From this we may surmise that Sir Mark is rather more impressed by the evidence from GCHQ which apparently amounts to recommending that British intelligence has got its Chinese counterparts licked. So long as Huawei’s role is “non-core” (antennas etc.) the threat is manageable.
This could be true, but how is anyone outside the Cheltenham doughnut (as GCHQ’s main office is lovingly described) and the National Cyber Security Centre in London to judge? Britain’s cryptographs and spooks really are good value for money if they remain one step ahead of the world’s most successful (by value) telecoms equipment provider, a company that spends annually over $15 billion on R&D – which is more than Apple, Microsoft or Intel.

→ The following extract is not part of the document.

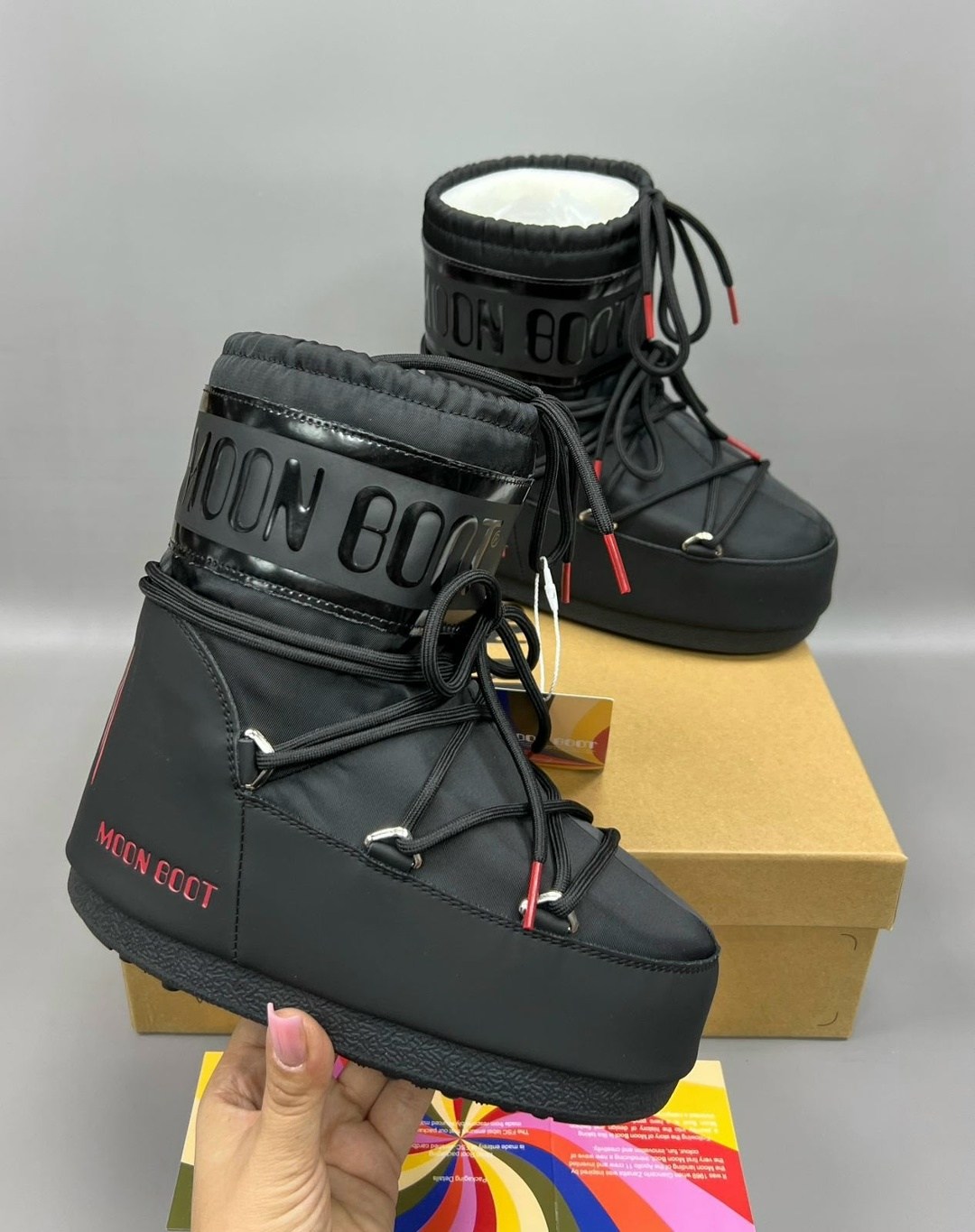 зимние ботинки moon boot,ботинки moon boot,луноходы moon boot,дутики moon boot moon boot glance,ботинки moon boot x stranger things icon moon boot черный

Aside from the possibility that Huawei involvement is a risk that cannot be successfully manged, there is also the wider considerations of defying Donald Trump. The timing is hardly ideal, with a free trade agreement to be negotiated and the Trump administration already expressing its irritation about the UK’s incoming digital services tax which will slap American online platforms like Amazon, Google and Facebook with a 2 percent levy.
A more dangerous consequence would be if the UK found itself partially disconnected from the intelligence-sharing of the Five Eyes. None of the four other members of that spying alliance (Canada, United States, Australia and New Zealand) use Huawei. Australia – where fear of Chinese espionage and embeddedness has become a primary political issue – has been particularly clear that Huawei is banned.
This should not be treated just as a twenty-first century take on old racist fears about “Asiatics.” In April last year, Vodafone admitted to Bloomberg that there had been multiple security issues discovered in the software Huawei supplied between 2009 and 2011 which could have potentially given Huawei access to information communicated by millions of Vodafone users in Italy. This may, as claimed, have been an innocent oversight. But then Huawei was hardly going to say “fair cop, we left in those cyber-backdoors deliberately.”
The risk is that the UK becomes China’s cyber-backdoor into the Five Eyes. Even if that is not true, merely the possibility of such a prospect could persuade Britain’s espionage allies to be more guarded in what intelligence they share with us.
Yet, there is a reason that Boris Johnson’s government, for all its instinctive Atlanticism, is prepared to press ahead with Huawei regardless. The Conservative Party’s manifesto pledge was platitudinous – “we will ensure that Britain seizes the chance to be a world leader in the development of 5G, playing a key role in defining industry standards.” Johnson means business on this however, repeatedly emphasised that the country’s economic performance – particularly its ability to harness the potential of AI – depends on rapid roll-out of 5G. If that is the requirement, then only Huawei can meet it.
Huawei has been operating in Britain for eighteen years and has been part of the 3G and more recently 4G networks for most of that time. The Trojan horse is already inside the gates. Estimates vary as to how far behind trail the tech alternatives that could be supplied to Britain by Finland’s Nokia and Sweden’s Ericsson. A year or so, seems to be the average of informed views.
But given that major British telcos, Vodafone and BT, are already partly dependent on Huawei kit, removing it and starting again with an alternative supplier would add years, not months, of delay.
It would also dearly cost our beloved telcos. Guess who would be eventually paying that bill? So the calculation is whether to risk a direct and economic cost or a possible security/political cost. It is easier to apportion figures to the former.